[Source data]
Start of Block

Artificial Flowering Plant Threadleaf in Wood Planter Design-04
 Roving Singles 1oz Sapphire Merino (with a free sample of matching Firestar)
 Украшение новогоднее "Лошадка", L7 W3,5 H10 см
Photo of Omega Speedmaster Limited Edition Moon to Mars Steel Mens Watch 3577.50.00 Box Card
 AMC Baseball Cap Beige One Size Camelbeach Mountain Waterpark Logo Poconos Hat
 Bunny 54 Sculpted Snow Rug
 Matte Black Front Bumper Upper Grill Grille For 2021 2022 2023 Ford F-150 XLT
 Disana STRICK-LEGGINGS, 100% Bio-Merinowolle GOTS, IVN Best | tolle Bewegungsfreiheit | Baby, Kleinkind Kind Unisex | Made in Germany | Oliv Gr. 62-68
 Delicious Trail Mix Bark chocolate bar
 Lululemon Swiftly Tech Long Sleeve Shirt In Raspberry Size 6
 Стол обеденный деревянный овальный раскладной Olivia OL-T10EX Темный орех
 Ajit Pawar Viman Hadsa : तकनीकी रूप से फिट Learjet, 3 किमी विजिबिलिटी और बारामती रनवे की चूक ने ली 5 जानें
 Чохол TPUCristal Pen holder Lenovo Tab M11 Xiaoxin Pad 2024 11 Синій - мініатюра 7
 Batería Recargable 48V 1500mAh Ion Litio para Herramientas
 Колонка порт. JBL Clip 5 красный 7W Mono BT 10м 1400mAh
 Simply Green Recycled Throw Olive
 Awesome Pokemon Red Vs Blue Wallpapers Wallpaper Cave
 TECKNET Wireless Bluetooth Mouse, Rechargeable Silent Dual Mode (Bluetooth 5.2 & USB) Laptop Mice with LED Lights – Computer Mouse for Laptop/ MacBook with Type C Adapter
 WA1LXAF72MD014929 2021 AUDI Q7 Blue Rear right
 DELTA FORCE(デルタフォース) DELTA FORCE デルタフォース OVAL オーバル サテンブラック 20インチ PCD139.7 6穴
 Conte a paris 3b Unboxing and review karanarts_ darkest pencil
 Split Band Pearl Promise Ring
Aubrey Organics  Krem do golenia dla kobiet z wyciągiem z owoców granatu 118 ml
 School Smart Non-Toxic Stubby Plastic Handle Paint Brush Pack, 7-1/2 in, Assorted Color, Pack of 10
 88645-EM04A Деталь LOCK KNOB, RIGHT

End of Block

### AIM OF THE TASK
Every line above that holds "with" counts once; state the total and nothing else.

### RESPONSE BELOW
2